W_xh = np.random.randn(hidden_size, num_chars)*0.01     # weight input -> hidden. 
W_hh = np.random.randn(hidden_size, hidden_size)*0.01   # weight hidden -> hidden
W_hy = np.random.randn(num_chars, hidden_size)*0.01     # weight hidden -> output

b_h = np.zeros((hidden_size, 1)) # hidden bias
b_y = np.zeros((num_chars, 1)) # output bias

h_prev = np.zeros((hidden_size,1)) # h_(t-1)

In [0]:
def forwardprop(inputs, targets, h_prev):
        
    # Since the RNN receives the sequence, the weights are not updated during one sequence.
    xs, hs, ys, ps = {}, {}, {}, {} # dictionary
    hs[-1] = np.copy(h_prev) # Copy previous hidden state vector to -1 key value.
    loss = 0 # loss initialization
    
    for t in range(len(inputs)): # t is a "time step" and is used as a key(dic).  
        
        xs[t] = np.zeros((num_chars,1)) 
        xs[t][inputs[t]] = 1
        hs[t] = np.tanh(np.dot(W_xh, xs[t]) + np.dot(W_hh, hs[t-1]) + b_h) # hidden state. 
        ys[t] = np.dot(W_hy, hs[t]) + b_y # unnormalized log probabilities for next chars
        ps[t] = np.exp(ys[t]) / np.sum(np.exp(ys[t])) # probabilities for next chars. 
        
        # Softmax. -> The sum of probabilities is 1 even without the exp() function, but all of the elements are positive through the exp() function.
        loss += -np.log(ps[t][targets[t],0]) # softmax (cross-entropy loss). Efficient and simple code

#         y_class = np.zeros((num_chars, 1)) 
#         y_class[targets[t]] =1
#         loss += np.sum(y_class*(-np.log(ps[t]))) # softmax (cross-entropy loss)        

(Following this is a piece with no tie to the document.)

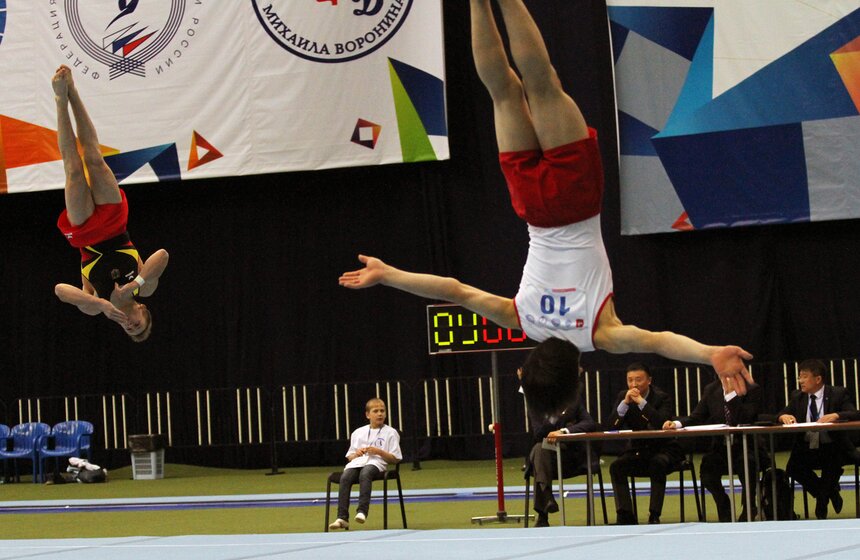 В СК "Олимпийский" прошел турнир по спортивной гимнастике 12 фото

    return loss, ps, hs, xs

In [0]:
def backprop(ps, inputs, hs, xs, targets):

    dWxh, dWhh, dWhy = np.zeros_like(W_xh), np.zeros_like(W_hh), np.zeros_like(W_hy) # make all zero matrices.
    dbh, dby = np.zeros_like(b_h), np.zeros_like(b_y)
    dhnext = np.zeros_like(hs[0]) # (hidden_size,1) 

    # reversed
    for t in reversed(range(len(inputs))):
        dy = np.copy(ps[t]) # shape (num_chars,1).  "dy" means "dloss/dy"
        dy[targets[t]] -= 1 # backprop into y. After taking the soft max in the input vector, subtract 1 from the value of the element corresponding to the correct label.
        dWhy += np.dot(dy, hs[t].T)
        dby += dy 
        dh = np.dot(W_hy.T, dy) + dhnext # backprop into h. 
        dhraw = (1 - hs[t] * hs[t]) * dh # backprop through tanh nonlinearity #tanh'(x) = 1-tanh^2(x)
        dbh += dhraw
        dWxh += np.dot(dhraw, xs[t].T)
        dWhh += np.dot(dhraw, hs[t-1].T)
        dhnext = np.dot(W_hh.T, dhraw)
    for dparam in [dWxh, dWhh, dWhy, dbh, dby]: 
        np.clip(dparam, -5, 5, out=dparam) # clip to mitigate exploding gradients.  
    
    return dWxh, dWhh, dWhy, dbh, dby

In [0]:
iteration = 100

In [0]:
%%time

data_pointer = 0

# memory variables for Adagrad
mWxh, mWhh, mWhy = np.zeros_like(W_xh), np.zeros_like(W_hh), np.zeros_like(W_hy)
mbh, mby = np.zeros_like(b_h), np.zeros_like(b_y) 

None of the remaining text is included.